Sur l’écran d’un smartphone équipé du système de messagerie crypté «Ghost», la photo d’un individu, un pistolet braqué sur la tempe. L’image est interceptée par la police juste à temps. Elle intervient dans l’heure et évite un assassinat. Cette image fait partie du vaste contenu qui transitait sur ce réseau criminel international. Depuis deux ans, des unités de police du monde entier étaient parvenues à infiltrer le réseau, ce qui a mené à l’arrestation de Jay Je Yoon Jung, son créateur, ce mercredi 18 septembre en Australie, repéré par les forces de l’ordre françaises. L’agence de police européenne a également déclaré que la plateforme avait été démantelée.
Créée il y a neuf ans par ce «geek» de 32 ans, l’application destinée à un usage criminel ne fonctionnait que sur des smartphones modifiés à cet effet, vendus 1 430 euros. Pour ce tarif, «Ghost» proposait un abonnement de six mois ainsi qu’une assistance technique, anonymat et sécurité des messages garantis. Ce système n’est pas sans rappeler d’autres messageries criminelles d’ampleur qui ont défrayé la chronique ces dernières années, comme Sky ECC au Canada, le réseau néerlandais EncroChat, et plus récemment, le très controversé Telegram dont le créateur Pavel Durov avait été arrêté en France le 24 août.
Enquête
50 tentatives d’homicides déjouées, des millions d’euros saisis
Le fondateur de l’application se vantait d’avoir conçu un système impossible à pirater, mais la mobilisation d’Europol et des autorités de neuf pays a fini par venir à bout du système. En infiltrant la messagerie, les forces de l’ordre ont accédé à des millions de messages, souvent relatifs au trafic de stupéfiants, au blanchiment d’argent et même à la mise en œuvre d’assassinats, que s’échangeaient les milliers d’utilisateurs de «Ghost» aux quatre coins du monde.
Suite à ces découvertes, 51 suspects ont été arrêtés, dont 38 en Australie, 11 en Irlande et un membre de la mafia en Italie. La police a pu déjouer 50 tentatives d’homicides, tandis que des millions d’euros, des armes ainsi que de la drogue étaient saisis en Europe, au Moyen-Orient et en Asie. A cette heure, 376 smartphones dotés d’un accès à l’application ont également été trouvés par les forces de l’ordre.

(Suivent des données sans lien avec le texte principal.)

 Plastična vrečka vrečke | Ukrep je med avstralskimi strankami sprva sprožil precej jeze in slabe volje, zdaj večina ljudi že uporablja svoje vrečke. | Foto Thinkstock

Arrêté ce mercredi 18 septembre, Jay Je Yoon Jung, qui vivait chez ses parents et n’avait pas de casier judiciaire, a été inculpé de cinq délits. Il risque jusqu’à dix ans de prison. Les forces de l’ordre avaient dû agir rapidement pour éviter que le principal suspect ne détruise toutes ses données en s’apercevant qu’il était recherché. «Nos équipes tactiques ont été en mesure de l’appréhender et de sécuriser le matériel informatique moins de 30 secondes après être entrées», détaille Kristy Schofield, commissaire adjointe de la police fédérale australienne. Jean-Philippe Lecouffe le directeur exécutif adjoint des opérations d’Europol s’est réjoui de cette arrestation qui conclut «un véritable jeu du chat et de la souris à l’échelle mondiale, et aujourd’hui, la partie est terminée».